= Task statement =
Without the images, print every line of the material below exactly as given.

= Information provided =

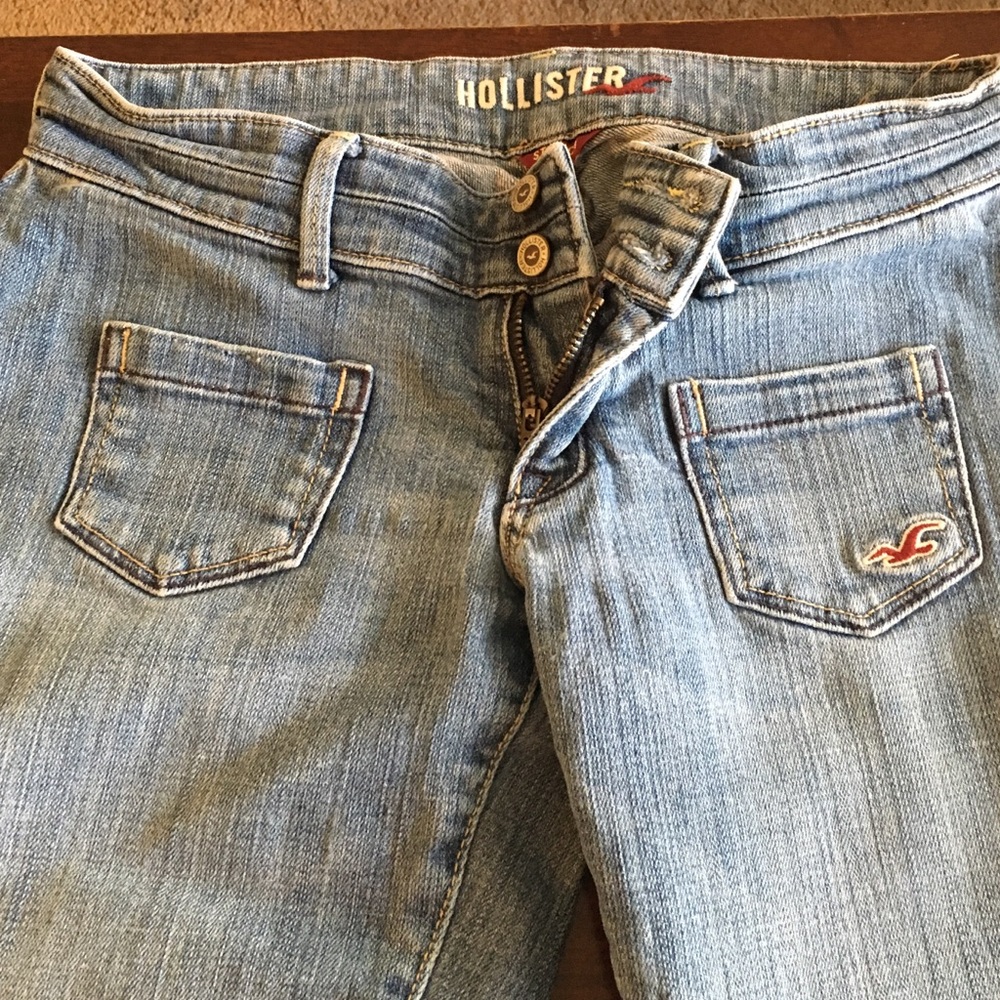 Women's Hollister Stretch Jeans
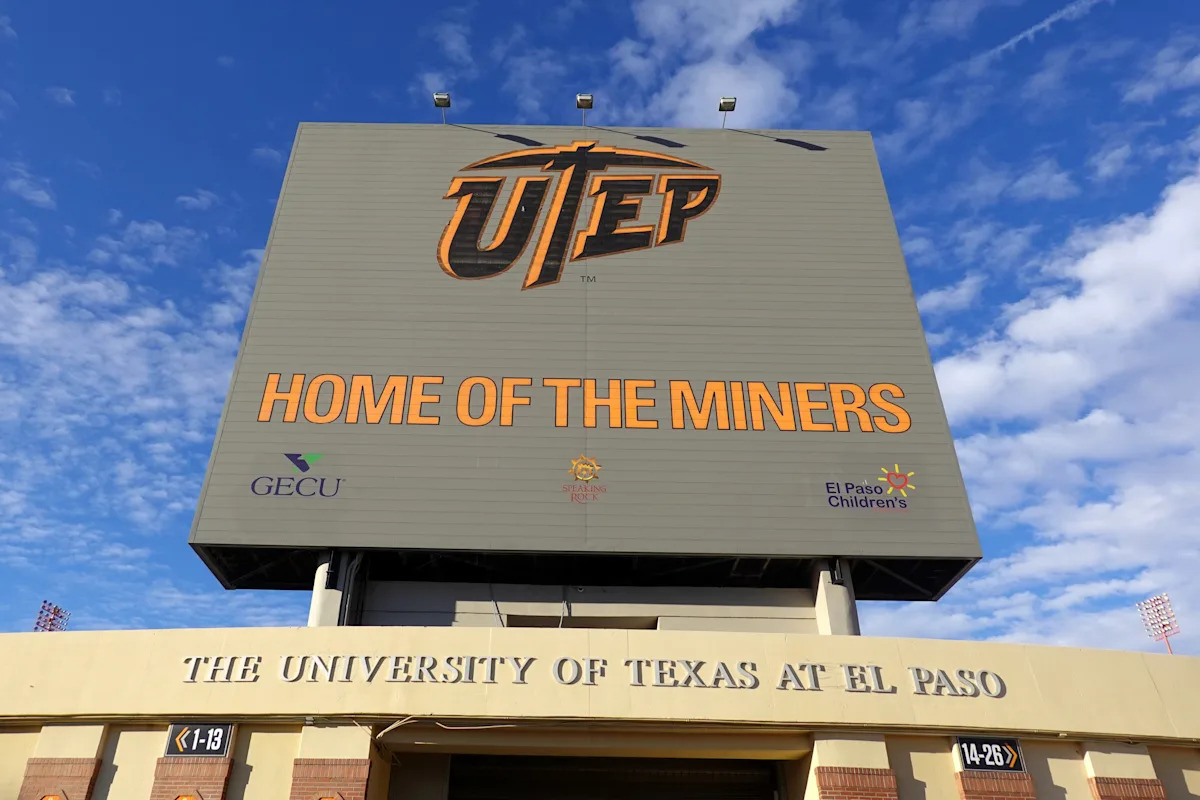UTEP 2026 inaugural Mountain West schedule unveiled UTEP 2026 inaugural Mountain West schedule unveiled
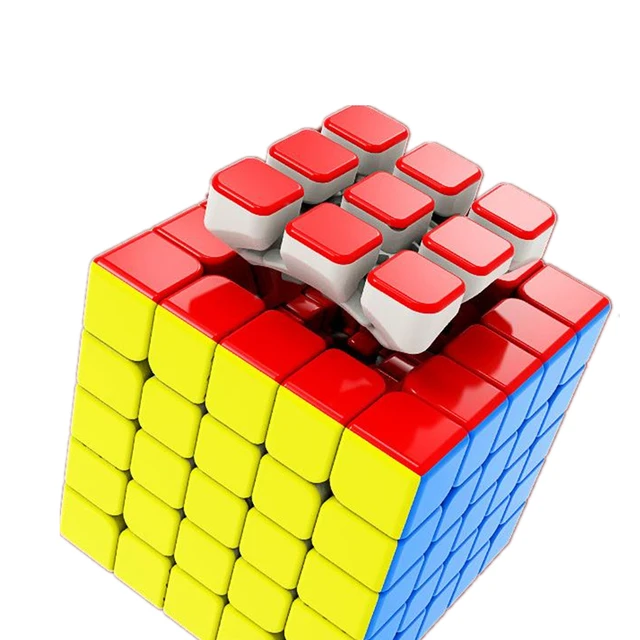 mcubes-india-dayan-nezha-5x5-cube-strong-magnets-img-2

= Exercise solution =
 Women's Hollister Stretch Jeans
UTEP 2026 inaugural Mountain West schedule unveiled UTEP 2026 inaugural Mountain West schedule unveiled
 mcubes-india-dayan-nezha-5x5-cube-strong-magnets-img-2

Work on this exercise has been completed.